**WHAT THE TASK REQUIRES:**
Without any of its pictures, the listing below should be output exactly.

((

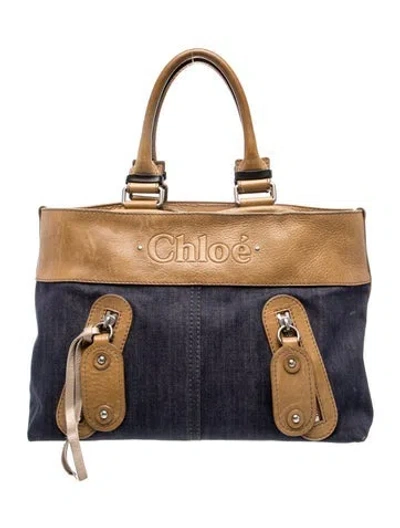 Pre-owned Chloé Denim Tote Vintage In Blue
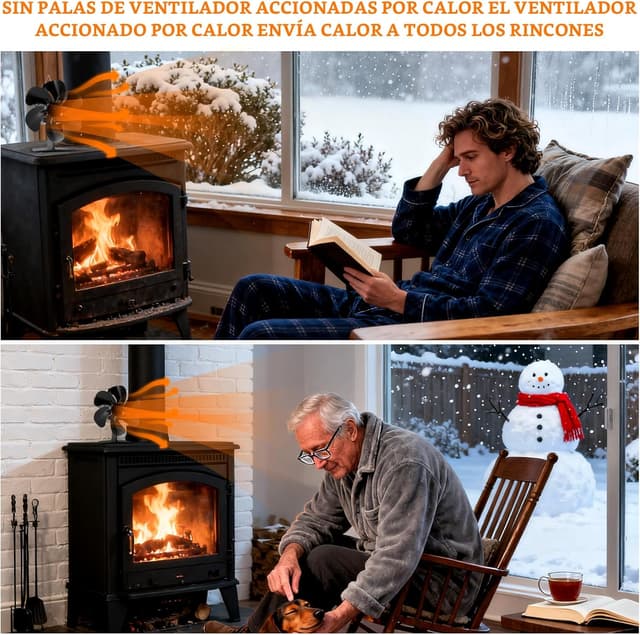 Thumbnail 4 de Shenyini ventilador de estufa para chimeneas 6 aspas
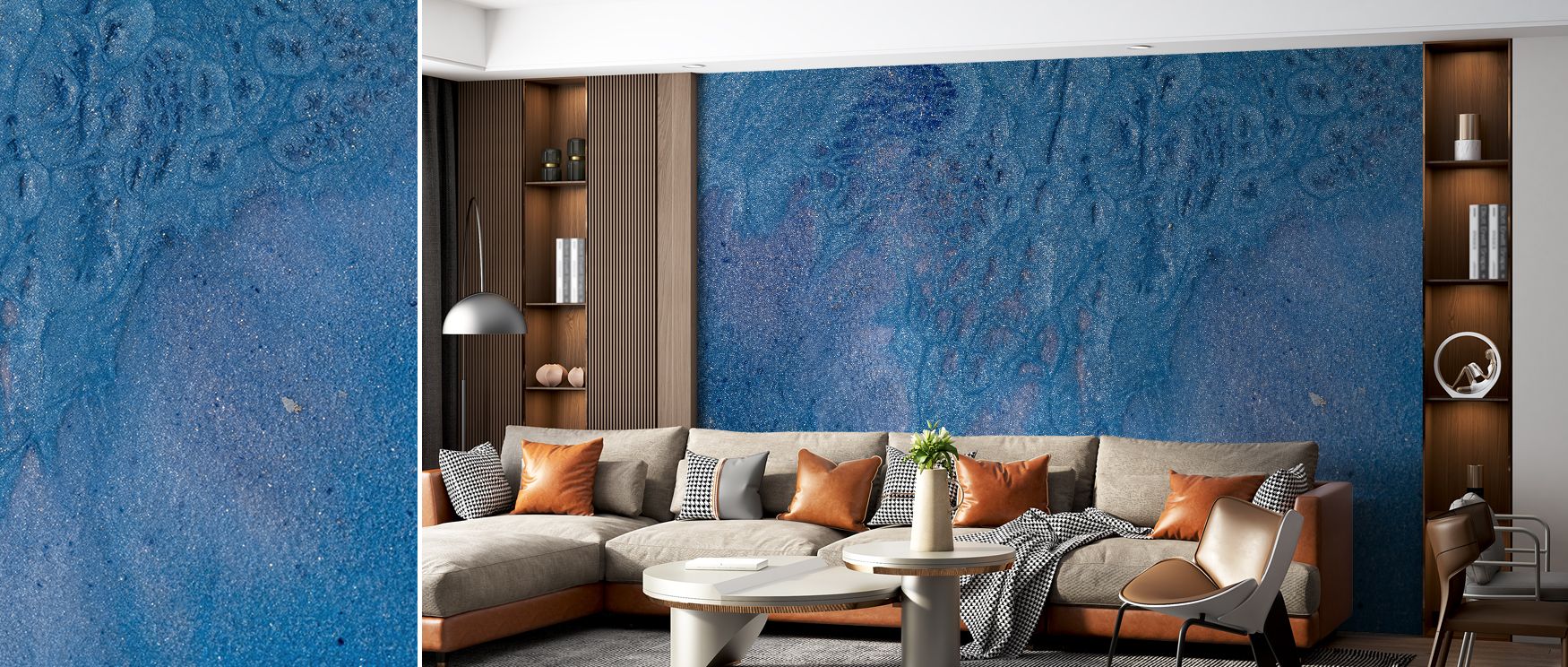 Decorative abstract fantasy wallpaper mural featuring surreal landscapes with artistic brushwork, creating rich atmospheres for bedrooms or living rooms, inspiring curiosity, uplifting mood, and enhancing contemporary homes with unique expressive designs.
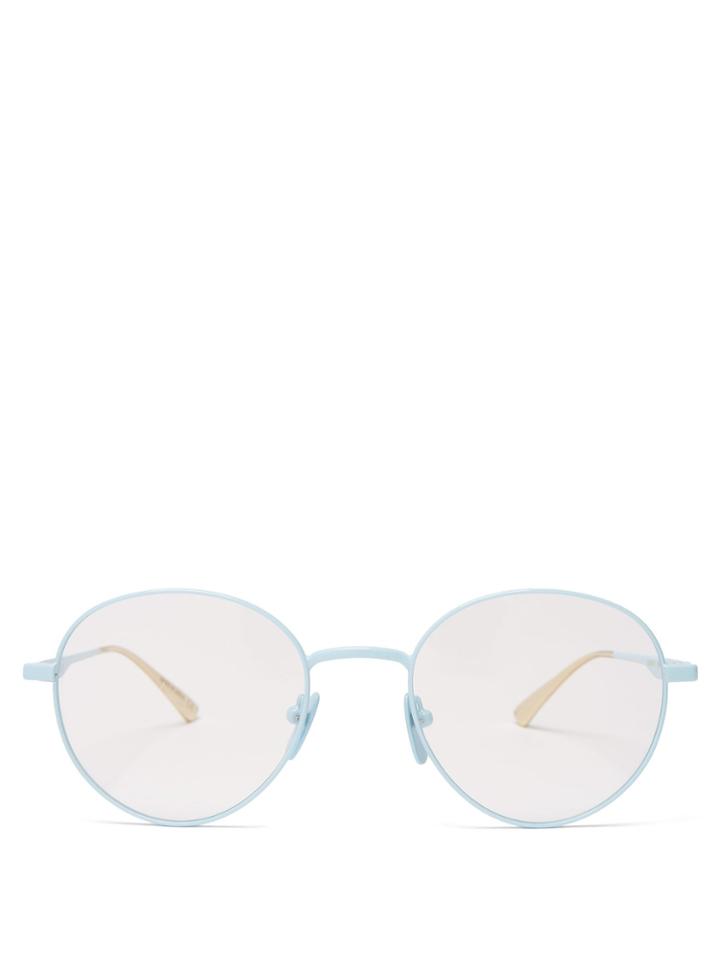 Gucci Oval-frame Metal Glasses
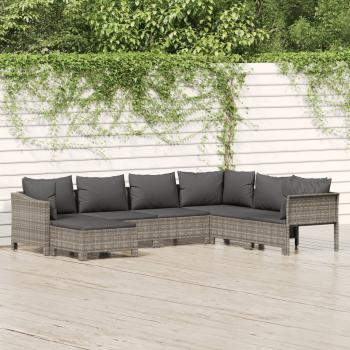 ARDEBO.de - 7-tlg. Garten-Lounge-Set mit Kissen Grau Poly Rattan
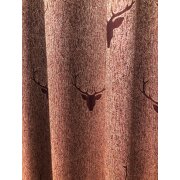 Landhaus Gardine Vorhang Dekoschal Hirschkopf rot beige blickd., fertig genäht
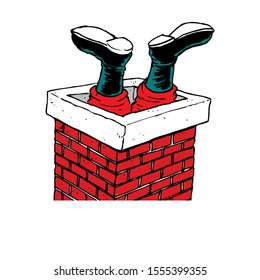 funny cartoon Santa Claus got stuck in the chimney on the roof.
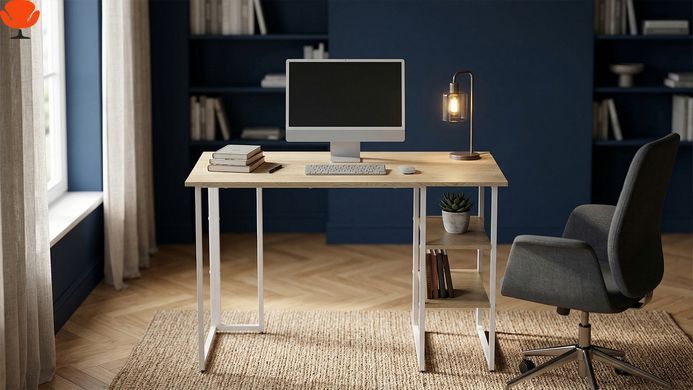 Письменный стол Кевин Ferrum-decor 75x100x60 Белый металл ДСП Дуб Кремона (FRD-108154)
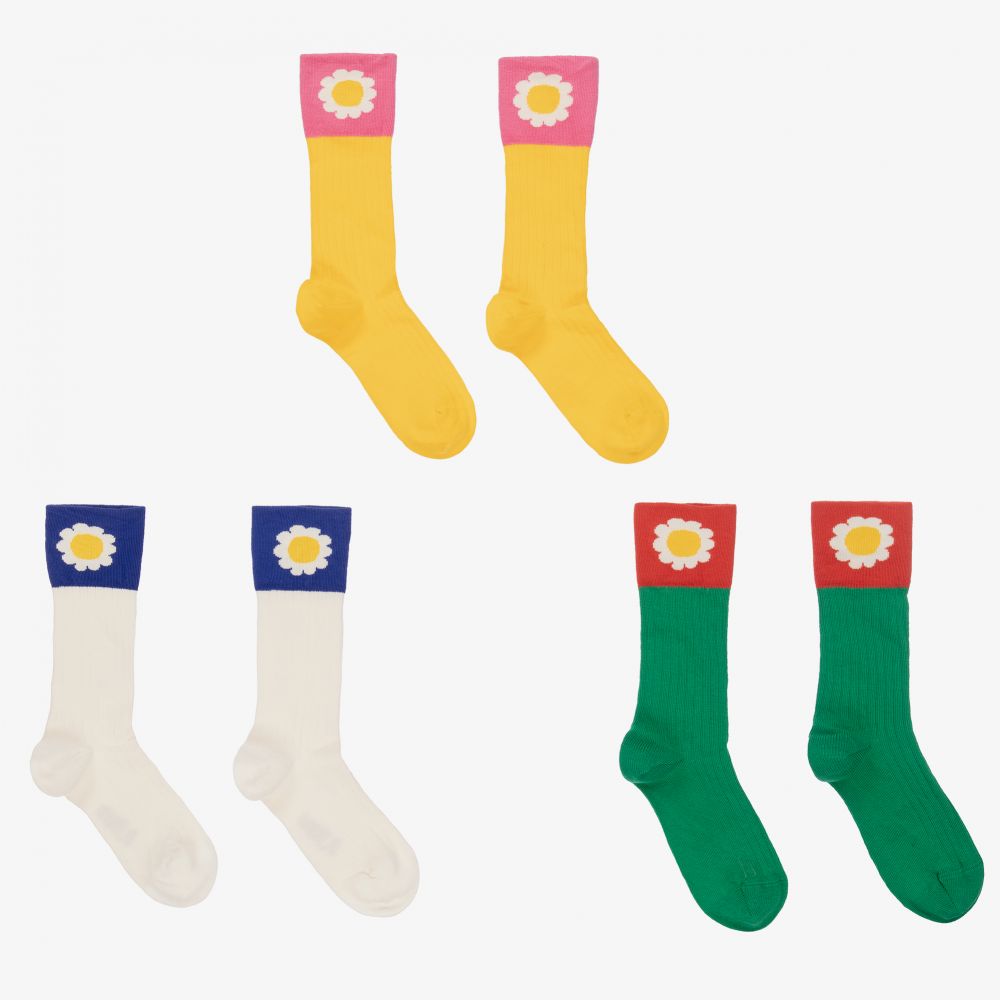 Mini Rodini - Girls Flower Socks (3 Pack) | Childrensalon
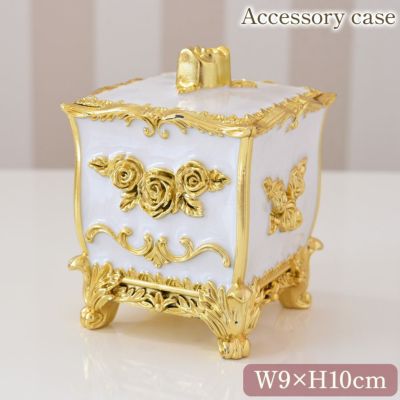 ＼24％OFF／ ゴージャス 薔薇の蓋付き小物入れ(ジュエリーボックス) ホワイト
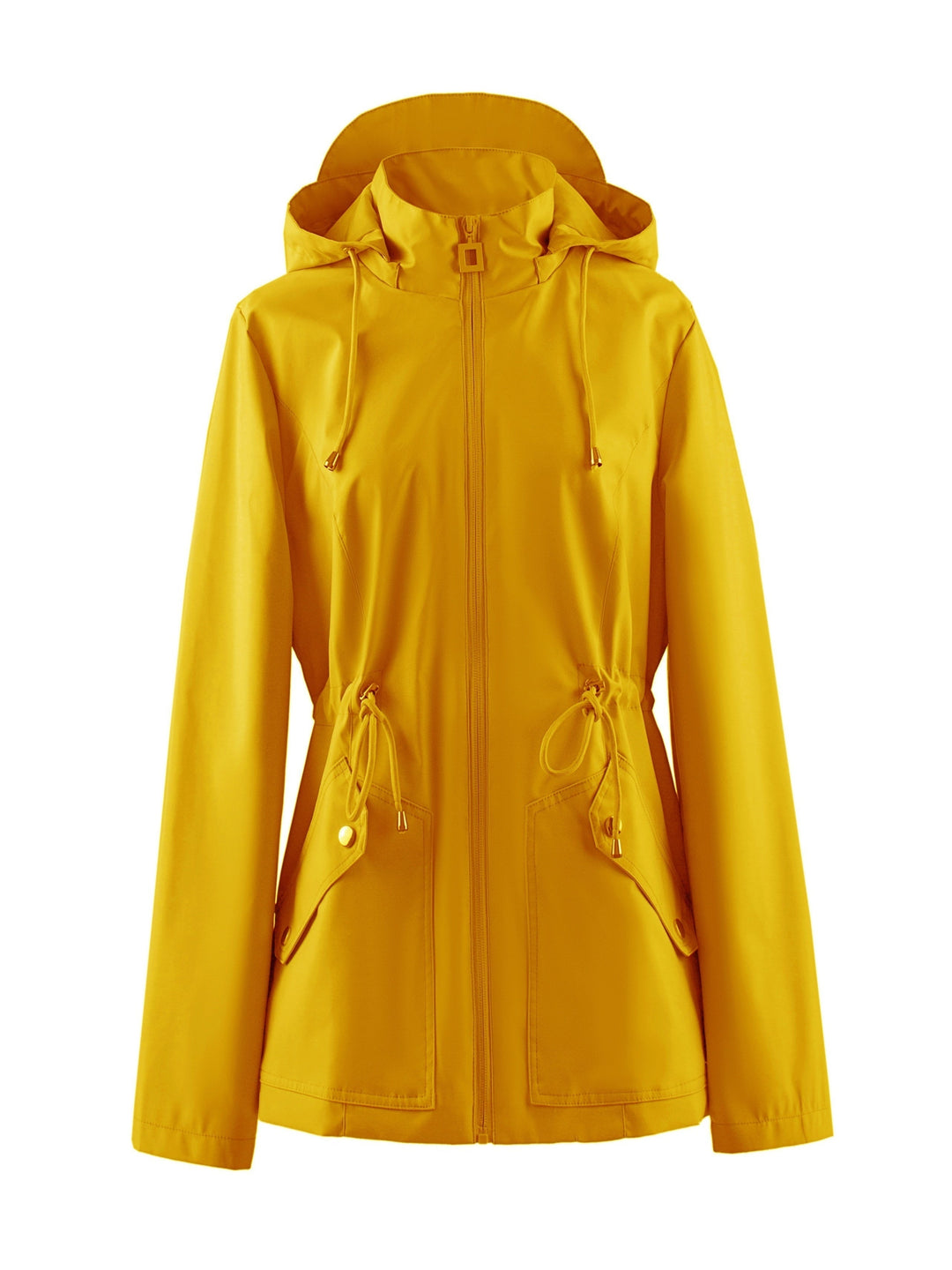 Levoire | Veste Imperméable À Taille Haute Pour Le Printemps / L'Automne Avec Capuche Kurkkuma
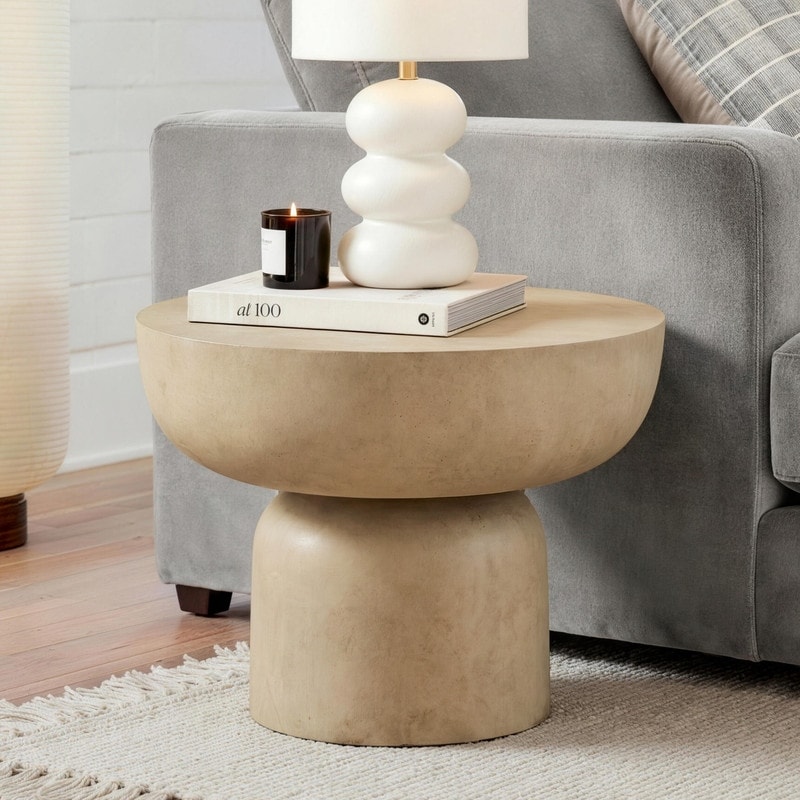 19.3" Concrete Round Pedestal End Table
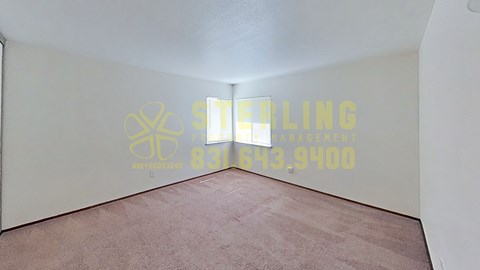 A room with a carpeted floor and a wall with a partially visible word "STELLING" on it.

))

**EXERCISE RESPONSE:**
 Pre-owned Chloé Denim Tote Vintage In Blue
 Thumbnail 4 de Shenyini ventilador de estufa para chimeneas 6 aspas
 Decorative abstract fantasy wallpaper mural featuring surreal landscapes with artistic brushwork, creating rich atmospheres for bedrooms or living rooms, inspiring curiosity, uplifting mood, and enhancing contemporary homes with unique expressive designs.
 Gucci Oval-frame Metal Glasses
 ARDEBO.de - 7-tlg. Garten-Lounge-Set mit Kissen Grau Poly Rattan
 Landhaus Gardine Vorhang Dekoschal Hirschkopf rot beige blickd., fertig genäht
 funny cartoon Santa Claus got stuck in the chimney on the roof.
 Письменный стол Кевин Ferrum-decor 75x100x60 Белый металл ДСП Дуб Кремона (FRD-108154)
 Mini Rodini - Girls Flower Socks (3 Pack) | Childrensalon
 ＼24％OFF／ ゴージャス 薔薇の蓋付き小物入れ(ジュエリーボックス) ホワイト
 Levoire | Veste Imperméable À Taille Haute Pour Le Printemps / L'Automne Avec Capuche Kurkkuma
 19.3" Concrete Round Pedestal End Table
 A room with a carpeted floor and a wall with a partially visible word "STELLING" on it.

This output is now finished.